■ **Exercise aim**:
In the data below, the answer is the run of lines from the line containing "Yol onun, varlıq onun gerisi həp anqarya" through the line containing "#Azerbaycan #Azerbaijan #Qələbə", both included; print it exactly and nothing else.

[[ Material provided open ]]

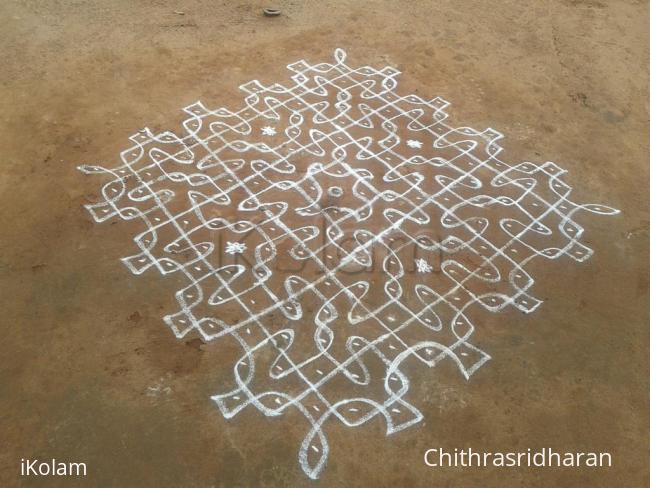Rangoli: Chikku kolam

[[ Material provided closed ]]
[[ Material provided open ]]

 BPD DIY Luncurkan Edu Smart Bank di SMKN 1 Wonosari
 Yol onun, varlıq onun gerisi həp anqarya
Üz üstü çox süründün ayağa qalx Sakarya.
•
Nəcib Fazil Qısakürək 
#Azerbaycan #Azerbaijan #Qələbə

[[ Material provided closed ]]
[[ Material provided open ]]

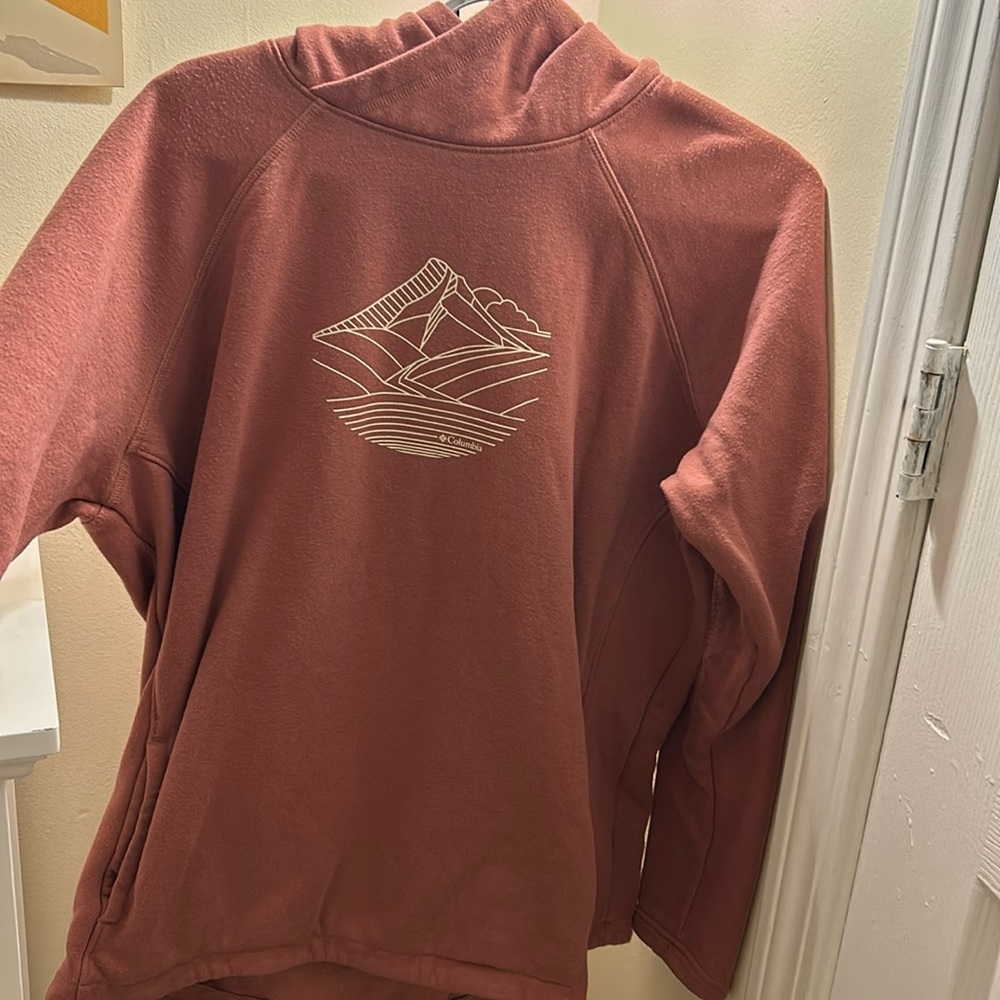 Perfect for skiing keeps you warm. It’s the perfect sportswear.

[[ Material provided closed ]]

■ **Solution to the problem**:
 Yol onun, varlıq onun gerisi həp anqarya
Üz üstü çox süründün ayağa qalx Sakarya.
•
Nəcib Fazil Qısakürək 
#Azerbaycan #Azerbaijan #Qələbə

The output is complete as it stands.